** Work item **
After locating the line that contains "Şirket çalışanları belgeleri", transcribe exactly that line and each one after it until the data ends, skipping pictures.

** Data for analysis **
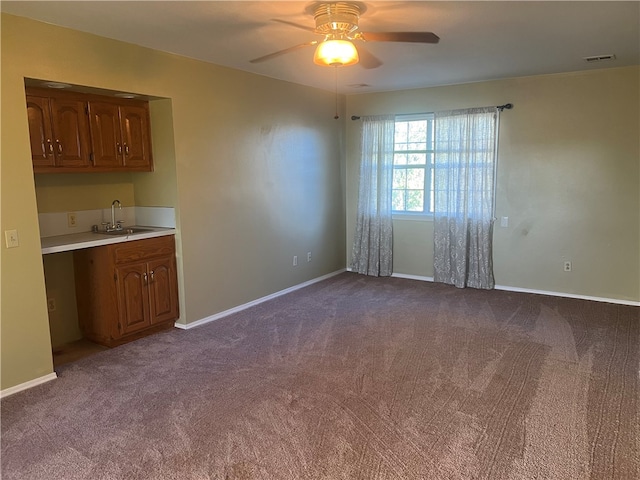 interior space with ceiling fan, sink, and carpet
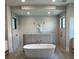 Luxurious bathroom with freestanding tub and large walk-in shower at 1158 Blue Shell Loop, Sarasota, FL 34240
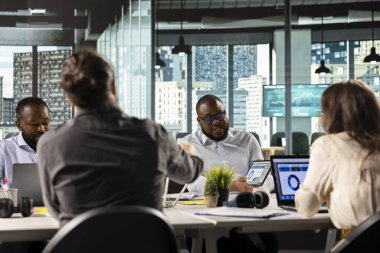 Şirket çalışanları belgeleri ve performans raporlarını inceliyor. Profesyonel bir ofis ortamındaki meslektaşlar planlama, projeksiyonlar ve pazar araştırma geliştirmesinde işbirliği yaparlar..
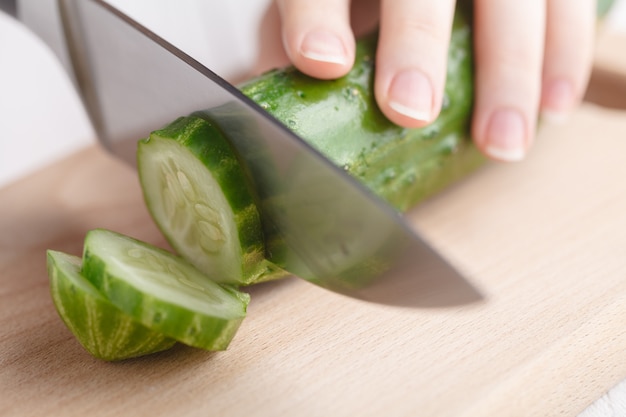 Cutting raw green cucumber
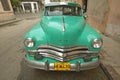 Turquoise old Dodge parked in front of old buildings in Havana, Cuba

** Result **
 Şirket çalışanları belgeleri ve performans raporlarını inceliyor. Profesyonel bir ofis ortamındaki meslektaşlar planlama, projeksiyonlar ve pazar araştırma geliştirmesinde işbirliği yaparlar..
 Cutting raw green cucumber
 Turquoise old Dodge parked in front of old buildings in Havana, Cuba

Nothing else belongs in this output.